April 16, 2015 Society

We Need a Worldwide Effort in the Capacity Development of Water Professionals

Technician servicing the gas boiler for hot water and heating

In many countries the lack of adequate human capacity at all levels is the most important inhibiting factor for progress in water management. IWA’s recent study, An Avoidable Crisis, WASH Human Resource Capacity Gaps in 15 Developing Economies, shows how the lack of capacity has many different faces in different places. If we are to have any chance of meeting the future Sustainable Development Goals, we need an unprecedented worldwide effort in the capacity development of water professionals.

Water management is a complex multi-disciplinary topic and water professionals, therefore, come in many different forms and shapes. Engineers, social scientists, famers, accountants, plumbers, lawyers, communications experts, managers, economists, geographers – to name a few – are all involved in water management as ‘water professionals’. As water touches upon so many fields of expertise and know how – building capacity on water management is not an isolated effort in a few engineering schools. The water training that goes with the new water culture has to be built in the entire national education systems from university courses to vocational training.

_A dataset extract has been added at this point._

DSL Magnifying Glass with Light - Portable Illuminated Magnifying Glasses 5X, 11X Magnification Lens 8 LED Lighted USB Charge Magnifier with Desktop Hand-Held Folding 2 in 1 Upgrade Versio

Successful examples of development of capacities of water professionals at scale, all have at least two elements in common:

  • There is at least one strong professional association at national level that is connected to the international water professionals network;
  • There is a strong linkage between science, technology and practice, furthering the adoption of innovation from both a pull and push side.

National professional associations have a vital role to play in maintaining and building the professionalism in the water sector, as is the case in many countries. Some of the best associations represent a broad set of professional backgrounds and bring together a wide variety of individual professionals from practice to academia, from technology to communications.

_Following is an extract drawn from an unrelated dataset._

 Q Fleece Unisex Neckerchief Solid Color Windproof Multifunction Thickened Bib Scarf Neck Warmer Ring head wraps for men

Through representing multiple stakeholders, these associations are able to support the development of national standards, diverse training courses or providing network opportunities for water professionals. All these are critical for developing a thriving national water sector that is capable of addressing the water challenges of today and tomorrow.

The second core element is the close linkage between academia and practice. To achieve this goal it is important for local universities to be part of the solution to local and regional problems. Linking science with practice, universities with public administration and utilities enables them to educate students to analyse national or local water problems and find appropriate solutions adapted to local circumstances.

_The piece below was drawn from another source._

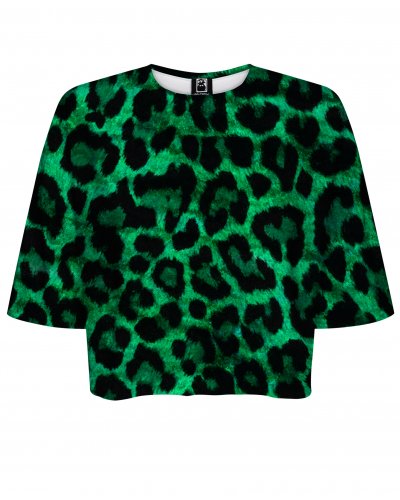 T-shirt Crop Green Panther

International associations, such as the IWA – the International Water Association, take a similar approach on a global level and therefore support and co-operate with national associations. They provide the international platform and network of water professionals necessary to make globally available progress in science, technology, economics and policy. This makes a significant contribution to enhancing water development. In order to bridge the language and cultural gap between different global regions, the IWA’s network covers almost every country in the world and has an increased focus on developing regional hubs.

Developing and empowering future water leaders is a critically important aspect of this. The IWA Young Water Professionals (YWP) is devoted to this goal. National YWP chapters are supported by national IWA governing members, and by the IWA secretariat, particularly in the areas of communication, quality control and logistics.

The limiting factors for the development of sustainable water management are different in different regions; local situations have to be understood and solutions found to address them. In our experience finances are not always the limiting factor. Instead, the lack of human capacity, inadequate priority setting at the political level, and a lack of a comprehensive understanding of the regional and local water situations are far more likely to become barriers to progress.